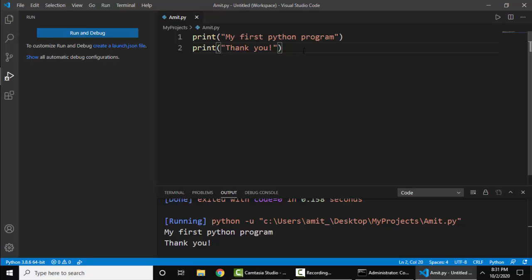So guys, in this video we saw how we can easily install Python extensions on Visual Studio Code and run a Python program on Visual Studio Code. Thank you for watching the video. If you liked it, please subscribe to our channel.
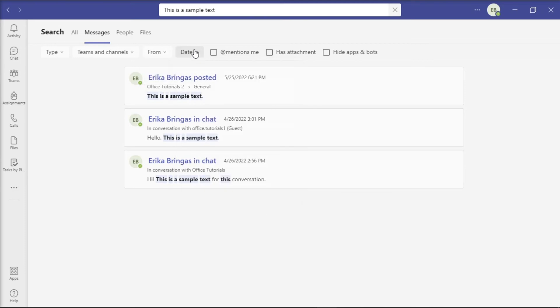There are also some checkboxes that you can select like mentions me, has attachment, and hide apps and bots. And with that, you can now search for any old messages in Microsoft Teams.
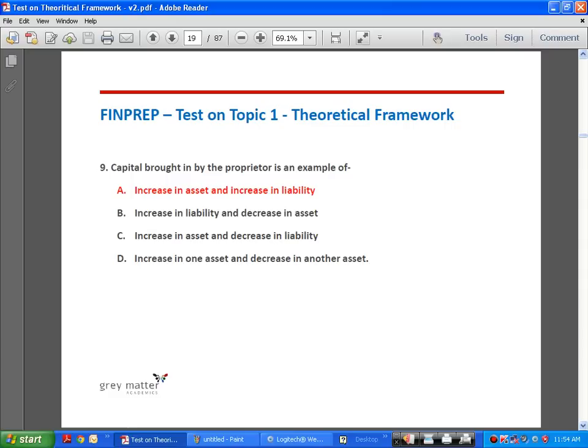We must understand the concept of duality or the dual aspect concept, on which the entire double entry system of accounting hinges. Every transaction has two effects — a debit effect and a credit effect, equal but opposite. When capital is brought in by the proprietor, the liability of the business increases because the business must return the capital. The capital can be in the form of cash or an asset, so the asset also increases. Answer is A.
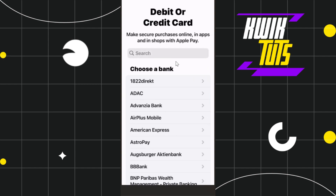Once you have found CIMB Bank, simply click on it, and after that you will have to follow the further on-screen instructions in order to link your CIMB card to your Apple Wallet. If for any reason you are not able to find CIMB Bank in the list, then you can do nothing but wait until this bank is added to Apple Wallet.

* * *

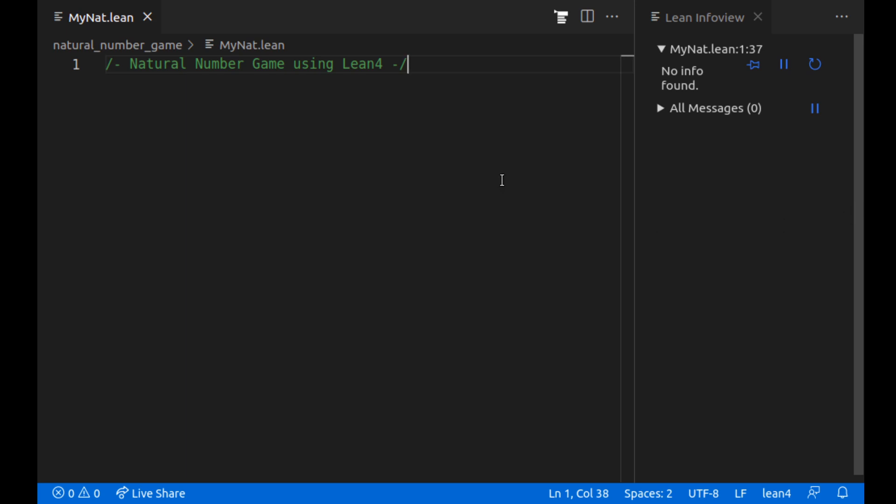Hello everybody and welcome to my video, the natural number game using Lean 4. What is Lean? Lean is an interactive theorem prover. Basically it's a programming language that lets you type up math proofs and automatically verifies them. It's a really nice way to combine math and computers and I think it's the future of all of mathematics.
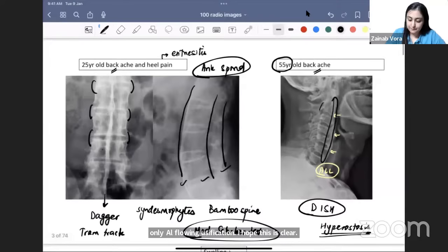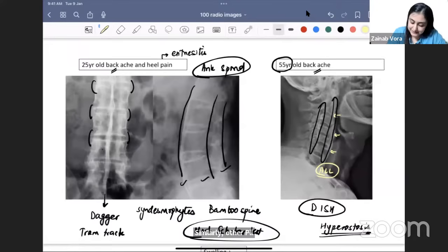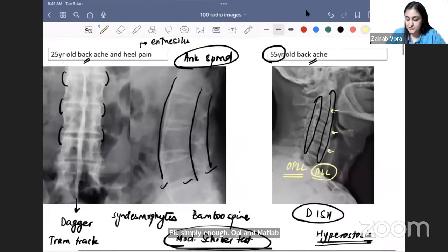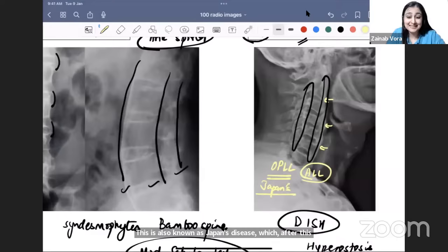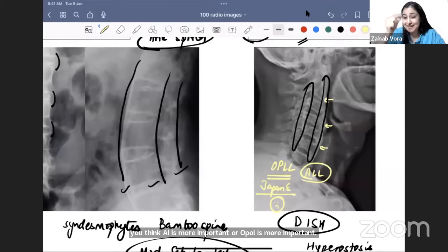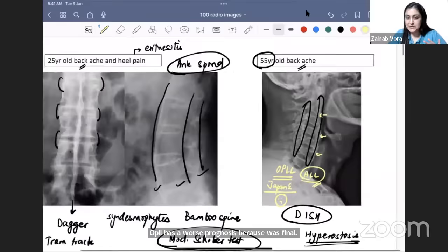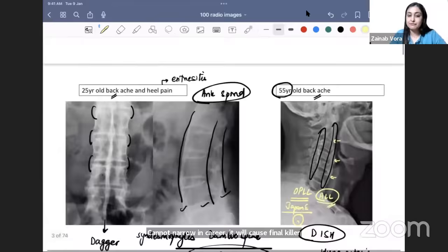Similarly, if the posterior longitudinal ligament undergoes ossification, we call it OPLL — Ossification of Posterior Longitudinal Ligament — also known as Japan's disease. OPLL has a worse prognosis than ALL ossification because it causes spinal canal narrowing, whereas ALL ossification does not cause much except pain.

**Work task:** The answer should consist only of the lines above from the one with "There are also" through the one with "Once you have", repeated exactly, with no pictures among them.

**Exercise output:**
There are also some checkboxes that you can select like mentions me, has attachment, and hide apps and bots. And with that, you can now search for any old messages in Microsoft Teams.
We must understand the concept of duality or the dual aspect concept, on which the entire double entry system of accounting hinges. Every transaction has two effects — a debit effect and a credit effect, equal but opposite. When capital is brought in by the proprietor, the liability of the business increases because the business must return the capital. The capital can be in the form of cash or an asset, so the asset also increases. Answer is A.
Once you have found CIMB Bank, simply click on it, and after that you will have to follow the further on-screen instructions in order to link your CIMB card to your Apple Wallet. If for any reason you are not able to find CIMB Bank in the list, then you can do nothing but wait until this bank is added to Apple Wallet.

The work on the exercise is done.